AI agents can leverage ntopng’s REST API to build network intelligence and security monitoring workflows. The API exposes host data, flow information, alert streams, and historical statistics that agents can query to diagnose network issues, detect security incidents, and generate network health reports. Agents can automate responses to ntopng alerts by integrating with firewall APIs, ticketing systems, or incident response platforms.

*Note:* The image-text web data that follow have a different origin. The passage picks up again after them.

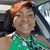 Candace La'Kay Welch's profile image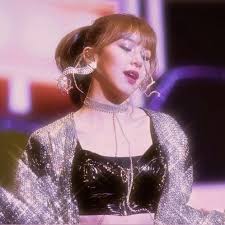 Twice 90 S Edits Twice Twice 90 Sedits Twice90 Sedits Kpop90 Sedits Kpop Girls Kpop Aesthetic Me As A Girlfriend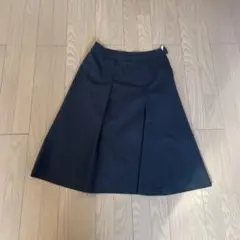 Item thumbnail for item 9f012d6f-1d3e-44ad-9233-bdd6a9669ff0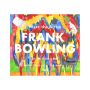 Frank Bowling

The JSON-based API is straightforward for agents to consume and reason about.

Installation

# Ubuntu/Debian
apt-get install software-properties-common wget
add-apt-repository universe
wget https://packages.ntop.org/apt-stable/bookworm/all/apt-ntop-stable.deb
apt install ./apt-ntop-stable.deb
apt-get update
apt-get install ntopng

# Start service
systemctl start ntopng

Technical Details

ntopng is written in C++ with Lua scripting for extensibility and runs as a daemon that captures packets from network interfaces or receives flows from routers and switches. It uses Redis for caching and InfluxDB or ClickHouse for time-series storage. The web interface is served via an embedded HTTP server on port 3000 by default. ntopng integrates with the ntop ecosystem including nProbe (NetFlow/sFlow collector), PF_RING (high-speed packet capture), and nDPI (deep packet inspection library).